Comme bien des sujets scientifiques, la cartographie des habitats benthiques (le benthos est l’ensemble des êtres vivant au fond de la mer) peut sembler d’un abord difficile. Cependant, un peu d’information suffit pour comprendre ce qu’elle cherche à accomplir et pourquoi elle est si importante. Cet article vise à la rendre plus accessible au grand public et à leur communiquer l’enthousiasme des scientifiques à ce sujet.

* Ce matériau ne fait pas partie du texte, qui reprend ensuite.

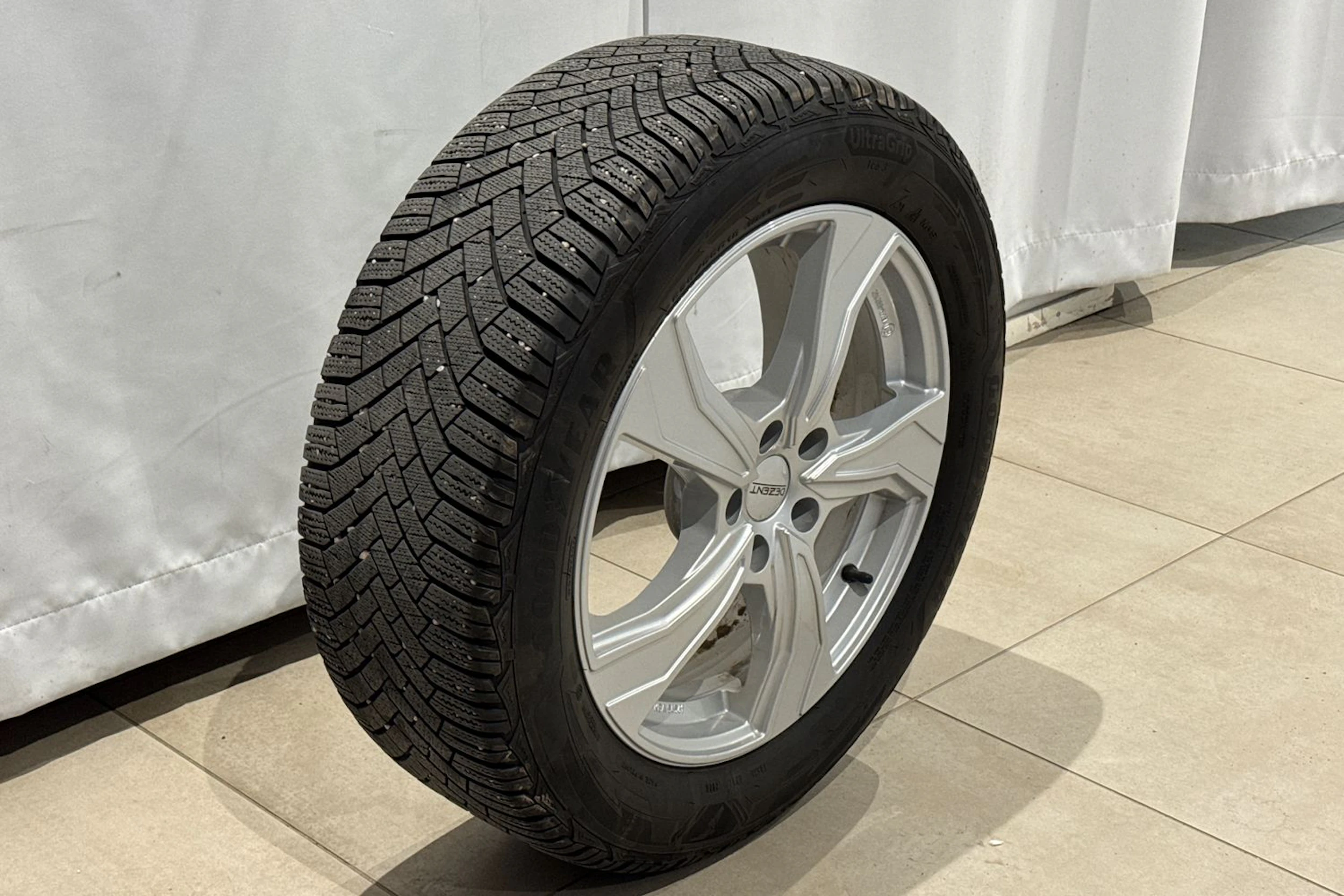 musta Volkswagen Tiguan 2024 kuva 15.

On dit que l’on connaît davantage la surface de la planète Mars que le fond de nos océans, et c’est vrai dans une certaine mesure. Par exemple, dans le cas des eaux marines européennes en général, on n’a que peu de connaissances des habitats benthiques. On possède de l’information, acquise au moyen de diverses techniques, mais seulement sur des zones limitées. Cette information est conservée dans une multitude d’institutions de plusieurs pays. Aujourd’hui une démarche se met en place qui vise à améliorer cette situation afin que nous disposions d’information sur un territoire beaucoup plus vaste, acquise à l’aide des meilleures techniques possibles et accessible en un lieu centralisé. Avant d’aborder la manière de réaliser cette tâche, prenons le temps de voir ce qu’est un habitat benthique.

Sommaire

Qu'est-ce qu'un habitat benthique ?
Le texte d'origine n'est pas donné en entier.